Feature Column from the AMS

Cubes

5. A recursive way of constructing cubes

There is a delightfully simple way of constructing an (n+1)-dimensional cube from two copies of the cube in n dimensions. Draw two copies of, say, an n-cube, and now join corresponding vertices. What one has is a drawing of a (n+1)-cube.

One can think of the construction of the familiar 3-cube as being done in this manner from the even more familiar 2-cube, the square. The diagram below shows the two squares in black and the edges which join the corresponding vertices in red.

To emphasize that this construction is to be considered combinatorial in nature the two "squares" need really be only 4-gons and they need not be the same size.

This construction can be repeated to construct a combinatorial 4-cube:

Figure 1

and 5-cube:

Figure 2

Note the rather different impression that different drawings can give of the same structure. Thus, one can think of the 16 vertices to the left in the drawing of the 5-cube above as a 4-cube (Figure 3, below), but it creates a rather different visual appearance than the initial 4-cube (Figure 1) that was shown.

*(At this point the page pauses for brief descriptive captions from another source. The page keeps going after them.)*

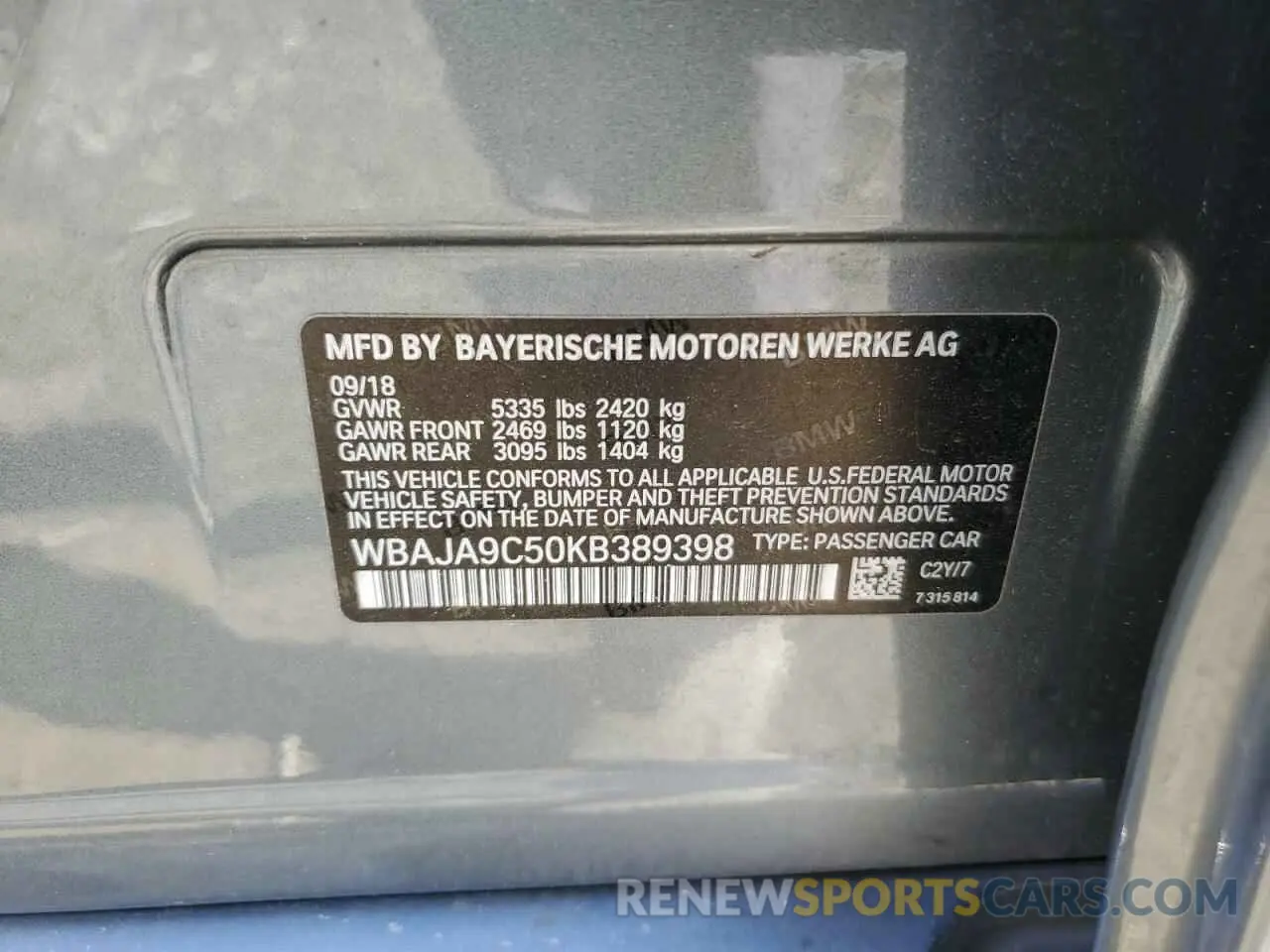 14 fotografías del automóvil dañado WBAJA9C50KB389398 BMW 5 SERIES 2019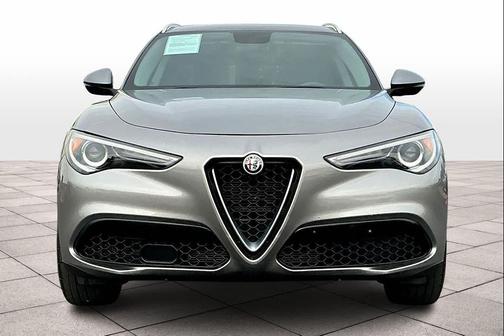 2018 Alfa Romeo Stelvio Base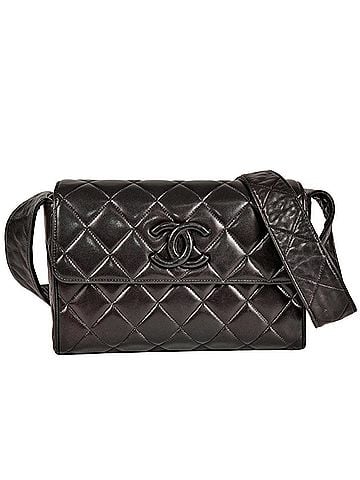 Chanel CHANEL Matelasse Leather Shoulder Bag Lambskin Black Coco Mark (view 1)
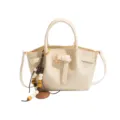 Beigefarbene Handtasche mit Krokomuster, stylische Umhaengetasche fuer Damen. - Mit Anhänger / Gebrochenes Weiß
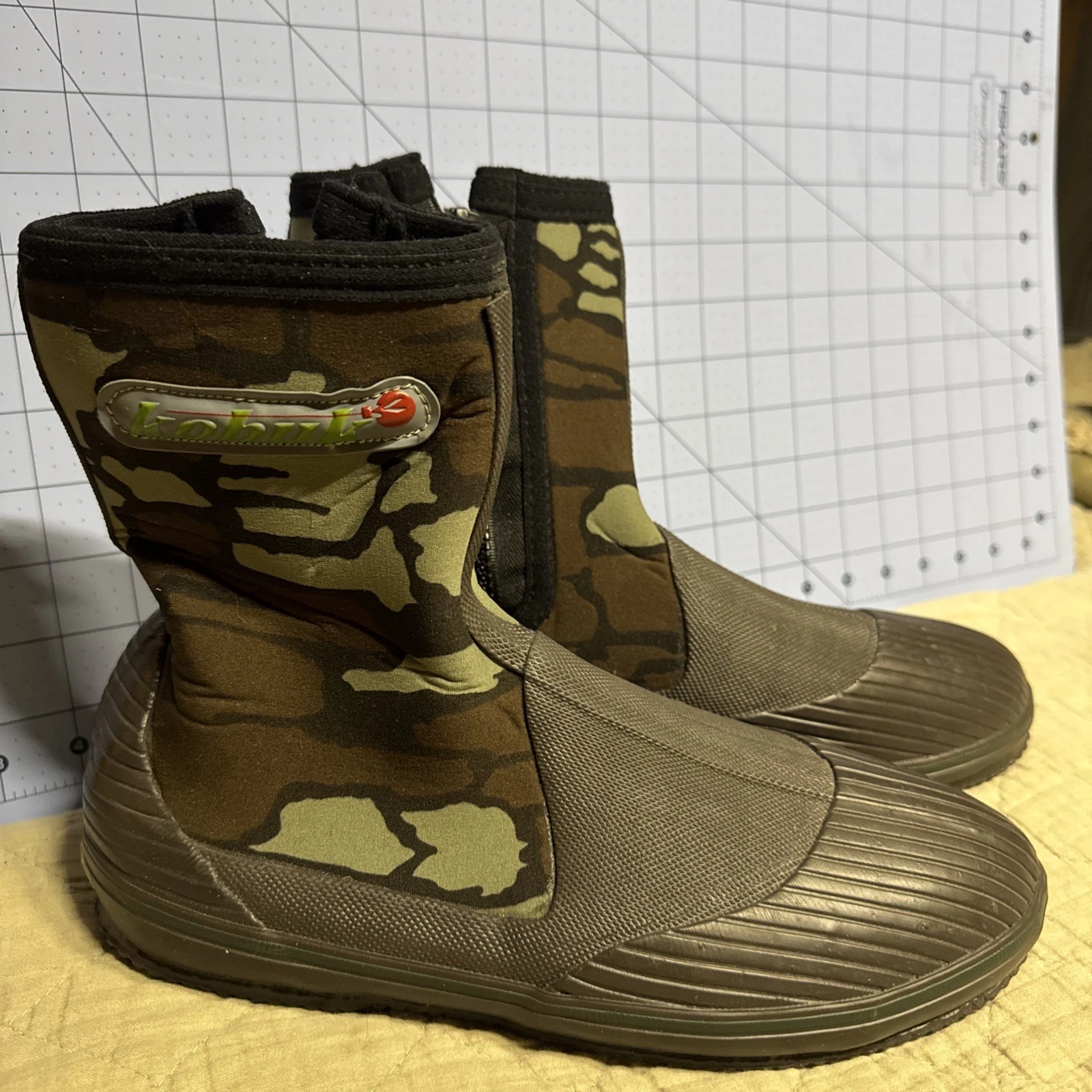 Kobuk Neoprene Wading Muck Boots Zip Up Men's Size 8 camouflage Waterproof Scuba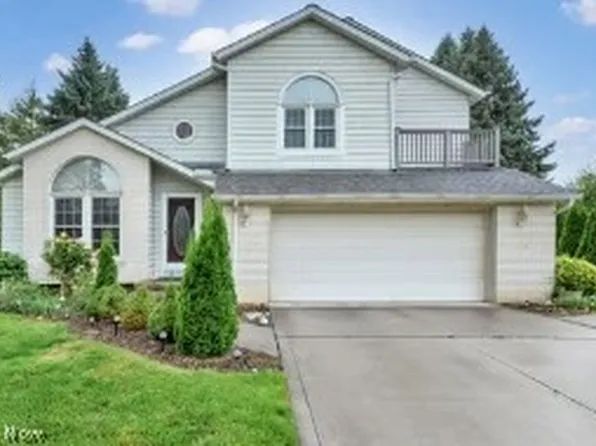 1924 Ridgehurst Dr, Wickliffe, OH 44092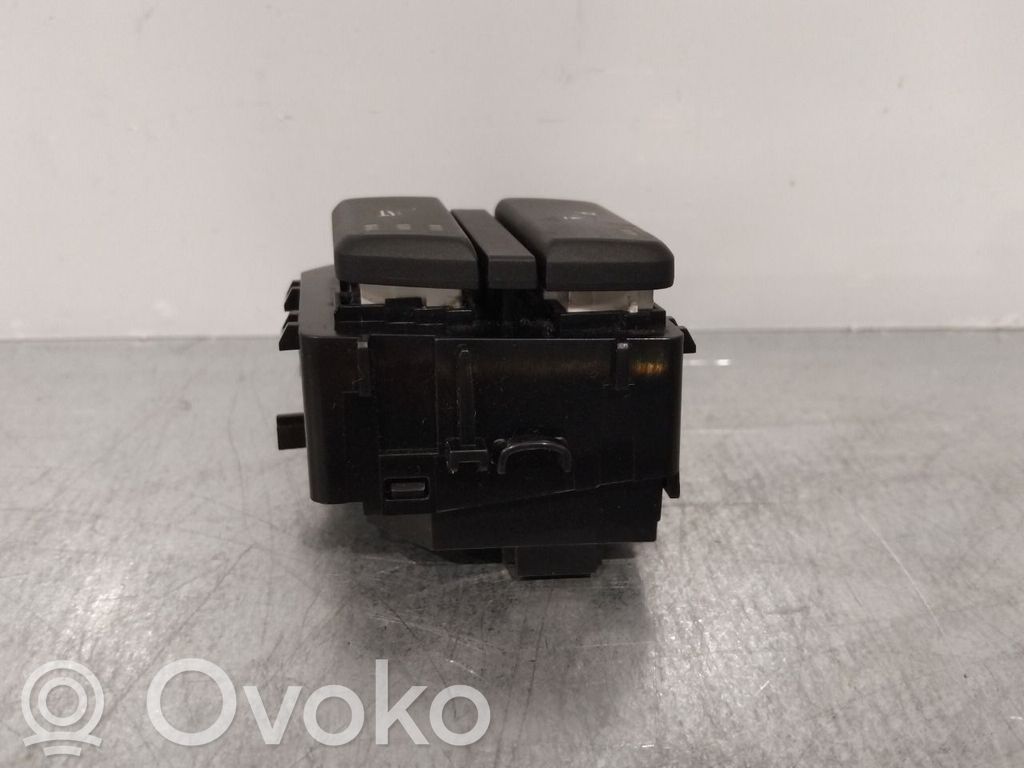 BMW 5 E60 E61 Seat heating switch 
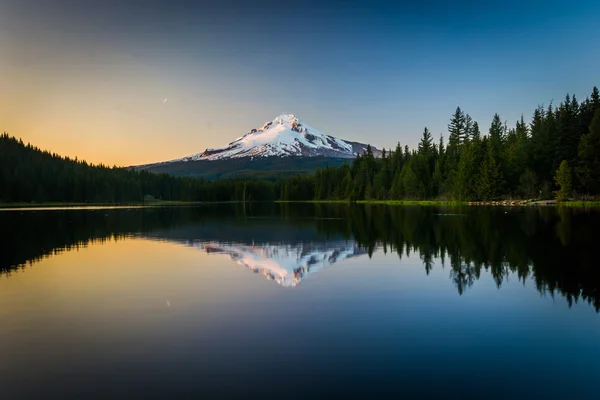 Monte Hood refletindo no Lago Trillium ao pôr do sol, no Monte Hood — Fotografia de Stock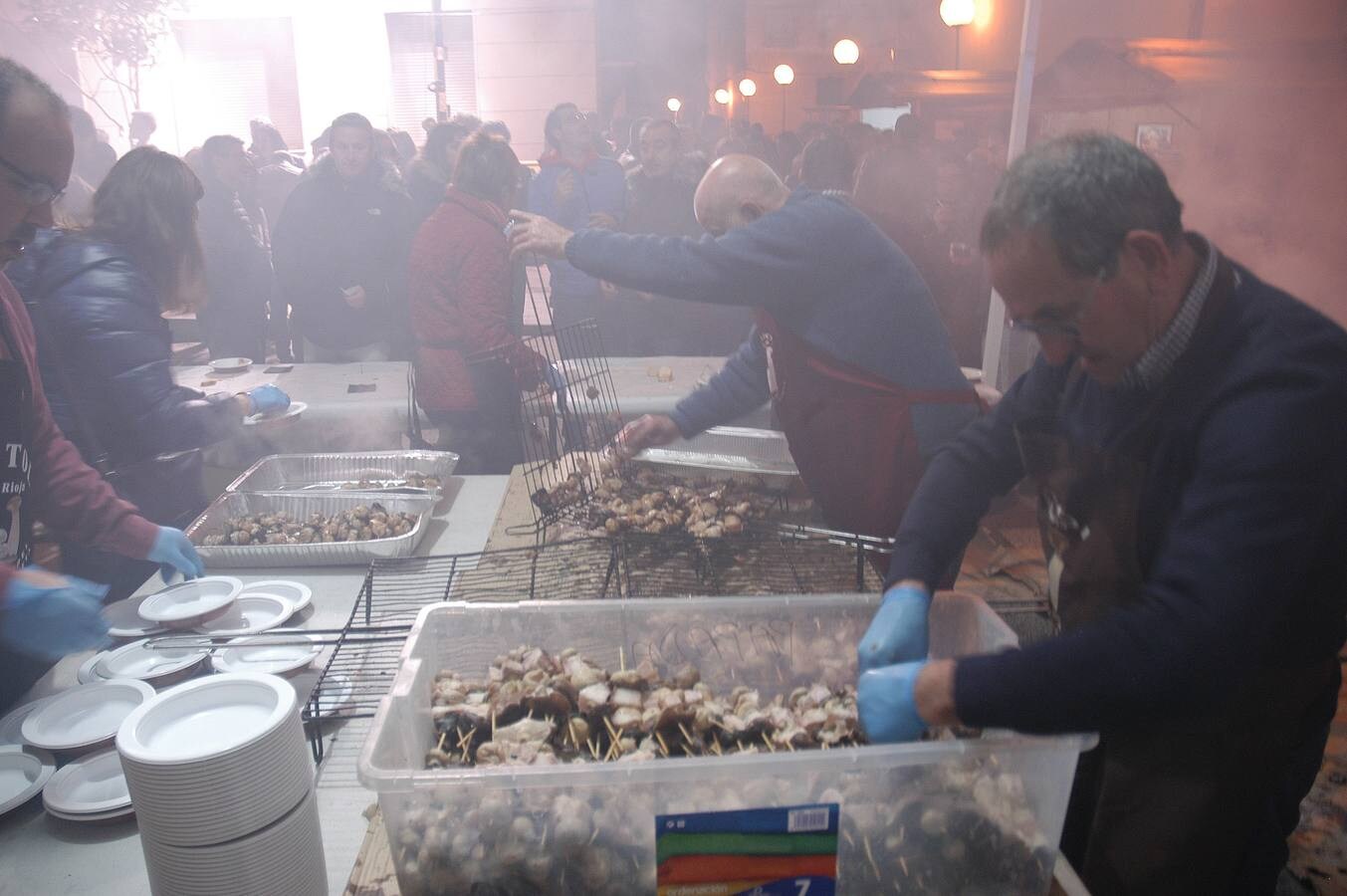 El sábado se disfrutó de cocina en directo y degustaciones en las carpas municipales de la calle Doctor Remón.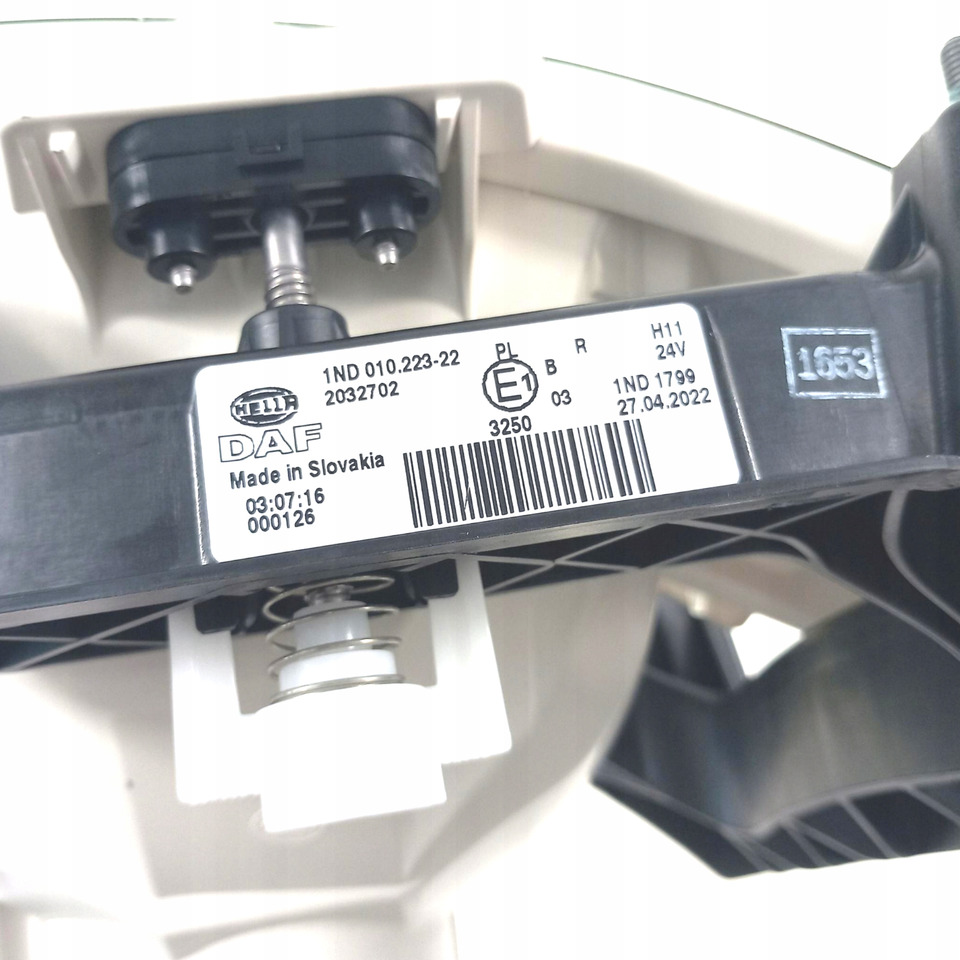 Hella HALOGEN LAMPA PRZECIWMGIELNA 2032702 1ND01022322 - Far anticeata: Foto 2 Hella HALOGEN LAMPA PRZECIWMGIELNA 2032702 1ND01022322 - Far anticeata: Foto 2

Combinatorial versions of the higher dimensional cubes proved useful in showing that the Simplex Algorithm for Linear Programming was not a polynomial time algorithm. This was accomplished by using what are now known as the Klee-Minty Cubes (1972), discovered by Victor Klee and George Minty. These polytopes produced by Klee and Minty require that the standard version of the simplex method run through all of the 2ⁿ vertices of an n-dimensional cube in order to find the optimal value of a linear programming problem.

Figure 3

The importance of having different representations of the same object is that these different representations often suggest different questions for future research. Whereas Figure 1 might suggest questions about how many 3-cube faces there are in a 4-cube or questions about "perspective," the drawing in Figure 3 may suggest a question such as what drawing of a 4-cube in the plane has the fewest crossings of edges at points which are not vertices of the cube? (i.e. What is the crossing number of a 4-cube?)